What is needed
Copying rule for the data below: pictures stay out, and only the lines from the one with "Jordan Sport Women's" down to the one with "LG gas dryer", inclusive, are repeated exactly.

Data to examine
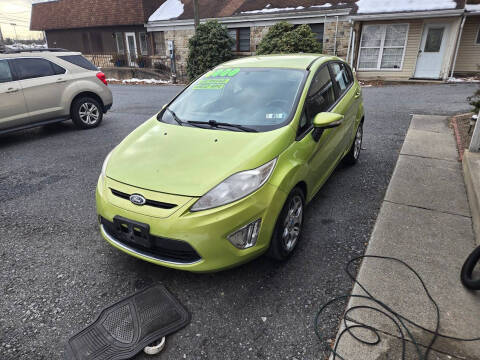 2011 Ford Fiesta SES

==

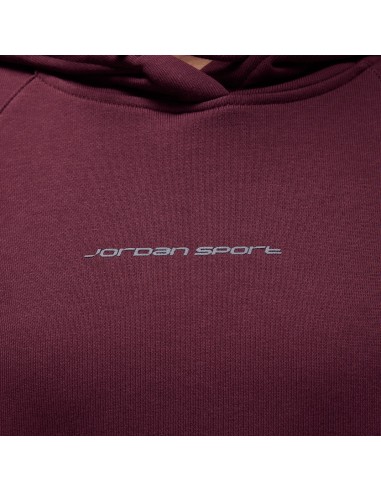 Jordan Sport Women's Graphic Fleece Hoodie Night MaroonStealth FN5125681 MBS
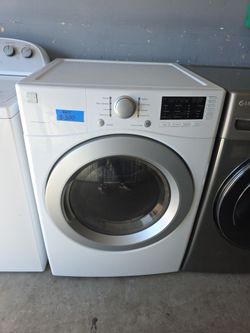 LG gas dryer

---

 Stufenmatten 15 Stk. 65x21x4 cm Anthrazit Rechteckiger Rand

Response below
 Jordan Sport Women's Graphic Fleece Hoodie Night MaroonStealth FN5125681 MBS
 LG gas dryer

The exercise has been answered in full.